I was doing research for the Matthews story on Wednesday, watching the NBC telecast of the 1987 game between the Browns and Cincinnati Bengals at Cleveland Stadium, and there was Schottenheimer barking instructions from the sidelines. Serving as the color analyst on NBC’s telecast of the game was Schottenheimer’s predecessor with the Browns, and the man who hired him as defensive coordinator in 1980, Sam Rutigliano.
The two men don’t get along at all, and haven’t for years. In fact, I don’t think they’ve spoken since Schottenheimer was named as the replacement when Rutigliano was fired midway through the 1984 season.
There are reasons for it, but I don’t want to get into them now. This is neither the time nor the place.

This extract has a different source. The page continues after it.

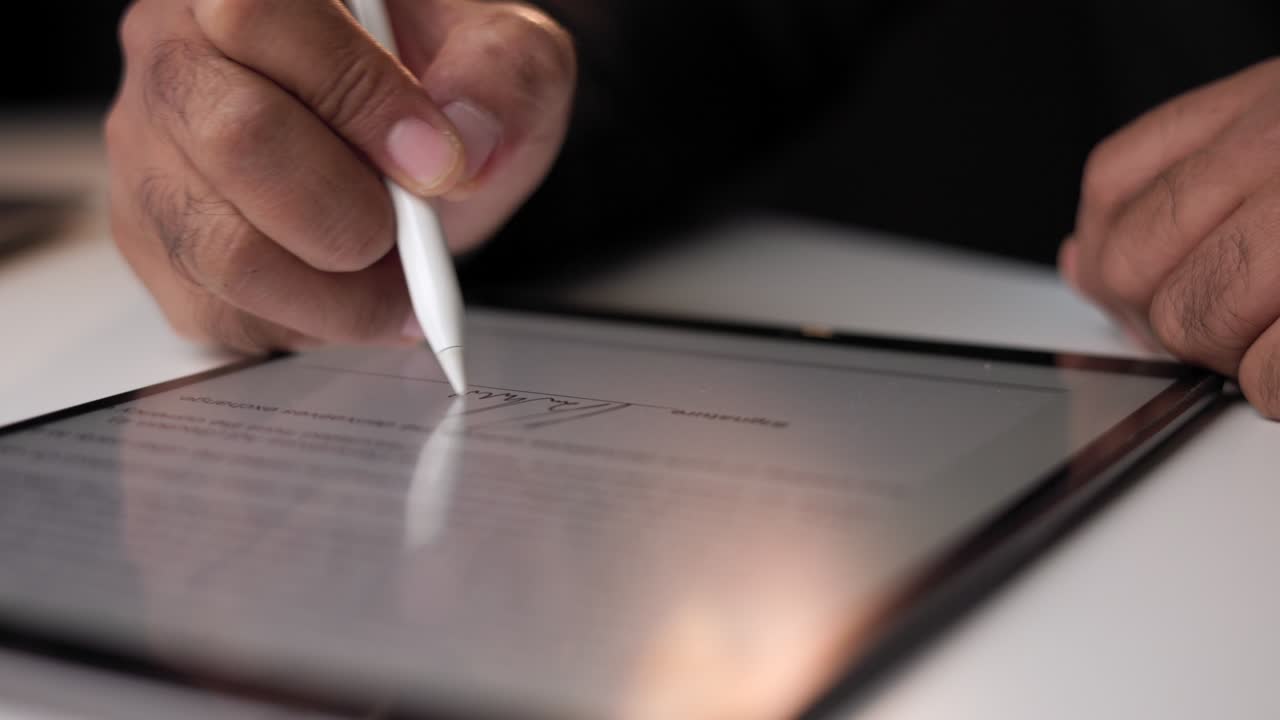 Close up businessman hand working electronic Signature on Tablet by Stylus at night. Write business agreement of contract. Man signing contract on tablet. Business and technology concept.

But , no matter the reason, the fact there’s such a disconnect between them makes me sad. The 1980s, with first the Kardiac Kids era and then the Bernie Kosar years, were such a great time for the Browns, and I would love to have heard the two men who orchestrated it all talk and reminisce about it together. There would have been some wonderful stories.
Rutigliano and his wife of 67 years, Barbara, still live in the house in Waite Hill in the far eastern Cleveland suburbs, near Kirtland, that they purchased when he was hired by the Browns just after the 1977 regular season ended. He will turn 90 on July 1.
The house is located less than a mile from the home Art Modell lived in when he owned the Browns and hired both men. He passed away in 2012 at the age of 87.
It’s all a sign that we’re getting older and time marches on.